(Problem description) What you return should match the material below line for line, except that no image appears in it.

(Data shown)
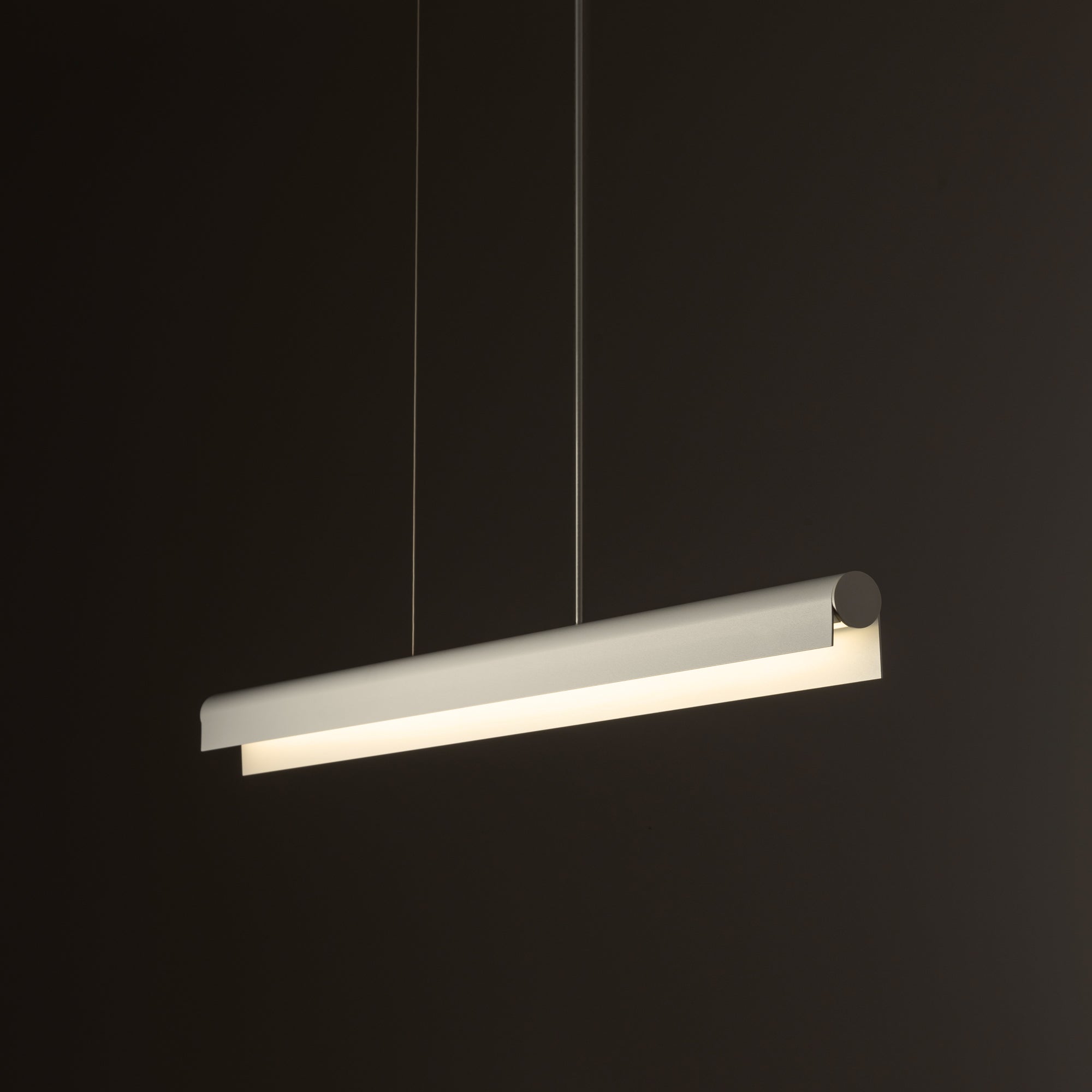 Nowodvorski Lampa liniowa sufitowa CL Q LED PRO 31W 50/60Hz - Aluminium lakierowane - Biały II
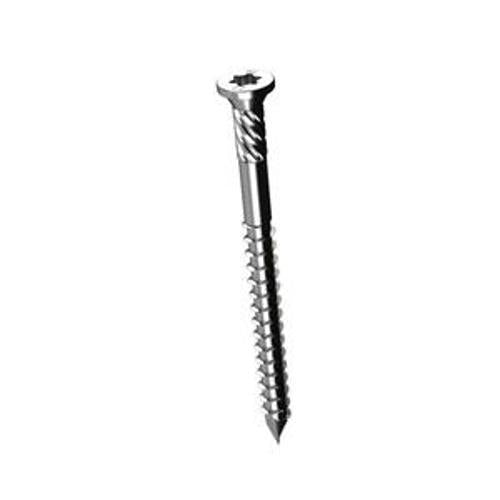 Bremick Deck Screw Shark Truss Stainless Steel T304 12g x 75mm 500 Box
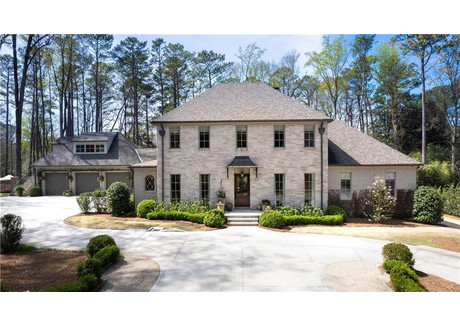 Dom na sprzedaż - 4530 Peachtree Dunwoody Road Atlanta, Usa, 431 m², 3 199 000 USD (13 019 930 PLN), NET-100153146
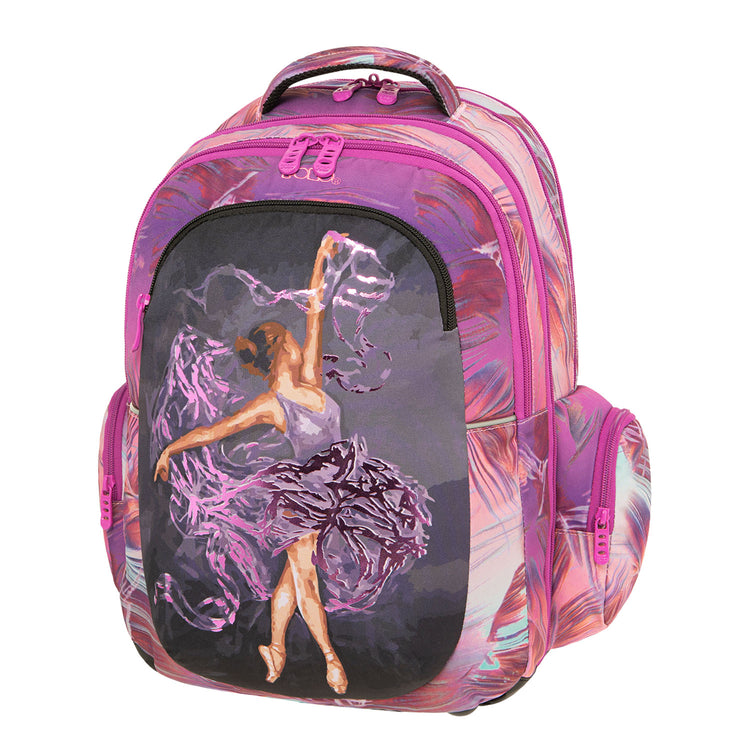 Ballerina Peak Backpack 46cm x 33cm x 30cm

(Expected answer)
 Nowodvorski Lampa liniowa sufitowa CL Q LED PRO 31W 50/60Hz - Aluminium lakierowane - Biały II
 Bremick Deck Screw Shark Truss Stainless Steel T304 12g x 75mm 500 Box
 Dom na sprzedaż - 4530 Peachtree Dunwoody Road Atlanta, Usa, 431 m², 3 199 000 USD (13 019 930 PLN), NET-100153146
 Ballerina Peak Backpack 46cm x 33cm x 30cm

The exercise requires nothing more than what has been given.